# Leak Detection



## rickmccarthy (Jul 20, 2009)

Hey Guys, I am wondering what you guys do for leak detection, I just got a locator with my camera and I have the ability to get a seperate transmitter to trace any line I energize not just the sonde in the camera head. is there a way to detect leaks I can energize and trace the water line and I have heard of people using stethascopes to listen for leaks with a ground probe does this work Or do you have any tricks that work I am trying to come up with a way to not lose these calls until I get the actual leak detection equipment.


----------



## Protech (Sep 22, 2008)

It would be pretty tough to teach you over the internet. Get a navitrack a line inducer and a leak detector (I like fisher but there are several decent units out there). Give me a call when you've got the equipment and I lay it out for ya. Each call is a little bit different.



rickmccarthy said:


> Hey Guys, I am wondering what you guys do for leak detection, I just got a locator with my camera and I have the ability to get a seperate transmitter to trace any line I energize not just the sonde in the camera head. is there a way to detect leaks I can energize and trace the water line and I have heard of people using stethascopes to listen for leaks with a ground probe does this work Or do you have any tricks that work I am trying to come up with a way to not lose these calls until I get the actual leak detection equipment.


----------



## JK949 (Mar 18, 2009)

I heard someone mention the old fashioned way of leak detecting. Not asking for a step by step, but curious what the ole fashioned way entails.


----------



## rocksteady (Oct 8, 2008)

You could do it with a stethoscope, common sense and some patience. Roughly trace the lines out (common sense), find the 2 loudest manifolds and listen between them (stethoscope and patience). Like pro-tech said, it's pretty tough to give a lesson via internet but that's the very, very condensed version. I would plan on investing in a detector/line locator sooner rather than later though. I've used a Goldak for the last 10 years and it works very well for me.





Paul


----------



## ToUtahNow (Jul 19, 2008)

The way I have always done it is to start with the listening device and listen at all of the stub outs. The leak will generally be between the two stub outs which have the loudest reading, although manifolds can throw you off. You then energize the pipe with a transmitter and trace the line you believe is leaking. Once you know where the line is you go back to your listening device and listen along the floor where the pipe is located.

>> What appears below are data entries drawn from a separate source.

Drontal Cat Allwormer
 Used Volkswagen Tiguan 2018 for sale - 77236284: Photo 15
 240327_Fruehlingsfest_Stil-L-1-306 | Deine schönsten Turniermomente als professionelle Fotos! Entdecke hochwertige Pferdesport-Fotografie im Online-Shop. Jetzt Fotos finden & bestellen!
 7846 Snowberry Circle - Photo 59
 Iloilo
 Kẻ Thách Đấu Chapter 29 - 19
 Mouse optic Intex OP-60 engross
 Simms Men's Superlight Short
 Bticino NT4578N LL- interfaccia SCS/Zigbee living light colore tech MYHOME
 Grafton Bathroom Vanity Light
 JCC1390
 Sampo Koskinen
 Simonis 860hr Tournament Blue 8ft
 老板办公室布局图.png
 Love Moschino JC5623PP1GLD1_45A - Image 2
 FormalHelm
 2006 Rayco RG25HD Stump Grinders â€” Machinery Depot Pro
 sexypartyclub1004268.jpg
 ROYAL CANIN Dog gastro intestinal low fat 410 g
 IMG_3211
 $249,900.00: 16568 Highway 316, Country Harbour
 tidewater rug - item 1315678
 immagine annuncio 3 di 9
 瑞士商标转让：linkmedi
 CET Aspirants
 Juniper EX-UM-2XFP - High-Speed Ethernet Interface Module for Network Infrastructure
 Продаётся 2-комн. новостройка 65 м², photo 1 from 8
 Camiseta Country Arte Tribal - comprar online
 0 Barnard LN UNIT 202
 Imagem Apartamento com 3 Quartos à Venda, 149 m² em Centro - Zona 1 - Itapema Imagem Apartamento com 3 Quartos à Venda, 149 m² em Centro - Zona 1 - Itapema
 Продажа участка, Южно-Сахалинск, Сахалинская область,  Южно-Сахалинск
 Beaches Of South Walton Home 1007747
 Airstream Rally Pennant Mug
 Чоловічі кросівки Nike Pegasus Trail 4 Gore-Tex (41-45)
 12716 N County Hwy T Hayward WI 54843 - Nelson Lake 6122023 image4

I use the Ridgid Navitrack and transmitter for locating the pipe and a Metrotech HL 4000 for a listening device.

http://0070100.netsolhost.com/products/pdf/m4000.pdf

Mark


----------



## JK949 (Mar 18, 2009)

That sounds familiar, a stethescope would work for a bit. Our guys will listen to the manifolds, cut them open, and the hole is big enough to allow the water to drain out, cap off the feed and find which fixtures are no longer fed. 99% of the time we run a new line rather than break up the floor.


----------



## Protech (Sep 22, 2008)

yep



JK949 said:


> That sounds familiar, a stethescope would work for a bit. Our guys will listen to the manifolds, cut them open, and the hole is big enough to allow the water to drain out, cap off the feed and find which fixtures are no longer fed. 99% of the time we run a new line rather than break up the floor.


----------



## rickmccarthy (Jul 20, 2009)

Thanks guys I guess my wording was a little off I plan on getting the transmitter this week or next to energize and trace out the line but what can I use for a listening device, a stethascope and a ground probe does that really work? I am thinking of outdoor water service. would there be a difference in listening devices for slab leaks


----------



## Protech (Sep 22, 2008)

Yes. Inside you need a flat geophone. Outside you usually use a geophone attached to a probe rod.



rickmccarthy said:


> Thanks guys I guess my wording was a little off I plan on getting the transmitter this week or next to energize and trace out the line but what can I use for a listening device, a stethascope and a ground probe does that really work? I am thinking of outdoor water service. *would there be a difference in listening devices for slab leaks*


----------



## ToUtahNow (Jul 19, 2008)

I'd say the microphones are the most important part of you leak locator kit. I have two mics, one is for the inside and one is more for municipal work outside. The smaller one is around $500 while the larger one is closer to $1,000 and that is in addition to the cost of the leak locator. 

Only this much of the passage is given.